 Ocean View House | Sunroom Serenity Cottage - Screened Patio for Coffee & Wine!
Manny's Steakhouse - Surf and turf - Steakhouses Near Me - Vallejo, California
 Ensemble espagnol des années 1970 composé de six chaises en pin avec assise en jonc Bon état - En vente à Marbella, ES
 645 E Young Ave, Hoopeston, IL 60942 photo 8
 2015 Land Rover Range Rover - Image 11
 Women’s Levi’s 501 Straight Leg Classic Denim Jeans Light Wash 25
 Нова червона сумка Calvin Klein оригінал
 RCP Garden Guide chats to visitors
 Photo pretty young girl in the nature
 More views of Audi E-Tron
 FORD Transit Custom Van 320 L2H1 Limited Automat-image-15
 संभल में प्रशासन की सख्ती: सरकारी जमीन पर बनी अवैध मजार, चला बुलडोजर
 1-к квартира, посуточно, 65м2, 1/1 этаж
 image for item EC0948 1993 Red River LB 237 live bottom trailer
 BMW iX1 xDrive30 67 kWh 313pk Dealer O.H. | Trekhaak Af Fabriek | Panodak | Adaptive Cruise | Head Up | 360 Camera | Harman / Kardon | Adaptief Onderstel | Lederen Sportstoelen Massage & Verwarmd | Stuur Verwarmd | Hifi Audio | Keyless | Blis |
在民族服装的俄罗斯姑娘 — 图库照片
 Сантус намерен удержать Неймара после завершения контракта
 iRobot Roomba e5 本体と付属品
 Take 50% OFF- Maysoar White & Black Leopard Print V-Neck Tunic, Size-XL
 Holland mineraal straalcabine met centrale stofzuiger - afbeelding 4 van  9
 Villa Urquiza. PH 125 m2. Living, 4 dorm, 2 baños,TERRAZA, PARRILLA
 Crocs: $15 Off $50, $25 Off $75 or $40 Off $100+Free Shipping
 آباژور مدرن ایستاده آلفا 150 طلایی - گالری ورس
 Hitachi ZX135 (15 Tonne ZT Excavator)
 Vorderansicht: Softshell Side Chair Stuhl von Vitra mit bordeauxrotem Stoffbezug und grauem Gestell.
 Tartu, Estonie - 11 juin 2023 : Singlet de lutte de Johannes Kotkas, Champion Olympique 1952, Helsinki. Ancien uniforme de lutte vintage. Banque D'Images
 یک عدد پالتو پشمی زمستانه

===============

What needs to be done
Retype exactly, and only, the lines above from the one where "2015 Land Rover Range Rover - Image 11" occurs up to and including the one where "image for item" occurs.

Answer space
 2015 Land Rover Range Rover - Image 11
 Women’s Levi’s 501 Straight Leg Classic Denim Jeans Light Wash 25
 Нова червона сумка Calvin Klein оригінал
 RCP Garden Guide chats to visitors
 Photo pretty young girl in the nature
 More views of Audi E-Tron
 FORD Transit Custom Van 320 L2H1 Limited Automat-image-15
 संभल में प्रशासन की सख्ती: सरकारी जमीन पर बनी अवैध मजार, चला बुलडोजर
 1-к квартира, посуточно, 65м2, 1/1 этаж
 image for item EC0948 1993 Red River LB 237 live bottom trailer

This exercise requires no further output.